Title: Vacation Plans
Rating: G
Summary: Abbie decides she hasn’t seen Ichabod or Jenny in too long and that just won’t work. Post-Series, Gen.
Words: 600
The seven years of tribulation had ended without the world exploding (although it came close a few dozen times). In the end, the last battle had been an updated version of the first battle. The clothes and guns had changed, of course, but the forces were the same. Good versus evil, scary versus not scary, undead versus alive. It was something about required parallels, according to one of Ichabod’s more Oxford-professor lectures.
She’d thought he’d get pulled back to his own time when it was all over or at least would get to be completely dead like he should have been in the first place. It was what everything seemed to indicate would happen, especially with the required parallels thing. They’d even had a goodbye she planned to disavow all knowledge of until the end of time. It hadn’t worked that way, though. He was still here. Even worse, Katrina had really died in the last battle, which meant he had to live out the rest of his second life in the wrong century without his wife.
He hadn’t been happy about that.
Abby didn’t see Ichabod or Jenny much these days. They’d needed some time away from it all once it was clear that the tribulation was actually done and the world would continue spinning.
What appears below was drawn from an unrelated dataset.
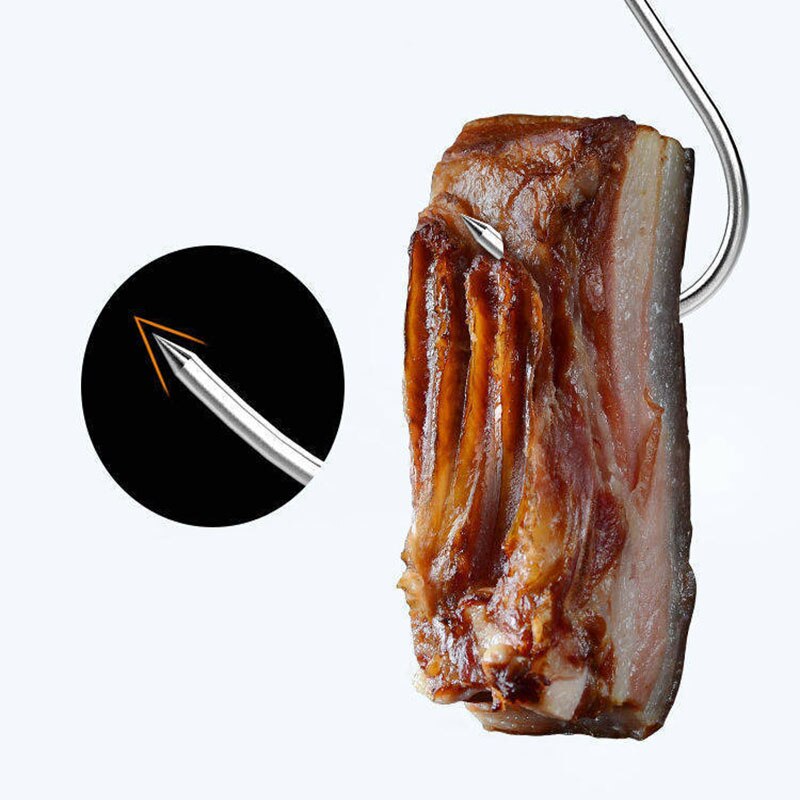 10X S Hook Metal Stainless Steel Iron Barbecue Iron Hook Hanging Sausage Hanging Turkey Hanging Roast Duck Meat Tool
These days he taught history at West Point since he was an expert in the American Revolution from both sides. She was Deputy Sheriff and had no desire to rise any higher. The paperwork was bad enough as it was. Jenny, well, Jenny was her own person, as she’d always been. She traveled, she explored, and when she came back, they all had dinner and drank way too much wine and generally didn’t talk about what they’d seen and done.
Eventually, though, Abby always missed them. She missed his manners and his never-ending fascination with technology, missed his tendency to dress as close to his former attire as modern clothing would allow, even missed his determination to call her Miss Mills no matter how many times she reminded him that destroying demons, ghouls, witches, and wights together for seven years counted as conditions allowing a first name in any time period and any social structure. And Jenny? Well, they were sisters. That was enough for her.
This time she decided the three of them were going to meet for a weekend. She considered Disneyland first. After a little more thought, she decided Jenny would dislike the crowds and the parenting, plus the decor in the Haunted Mansion might be a little too close for comfort for Ichabod. Then she thought about Washington, D.C. She could show him monuments and museums, not to mention trying to explain Muppets. Somehow that didn’t seem to fit either, and not just because there might still be an agency or two in D.C. that wanted to talk to them all.
Finally, though, she realized the destination wasn’t really important, so she texted them both with her suggestion. Jenny just sent back a simple agreement, but his positive response was impeccably spelled and punctuated as always. It was like getting a tiny letter every time. Thank you for the invitation. I would be delighted to accompany you and Miss Jenny on another adventure.
As soon as she got today’s text missive, she booked three rooms in a quaint historical hotel in Poughkeepsie. It didn’t matter where they went. Friendship didn’t depend on location. What mattered was seeing them again, seeing the two people who understood this whole world-saving process better than anyone. There was a comfort in that.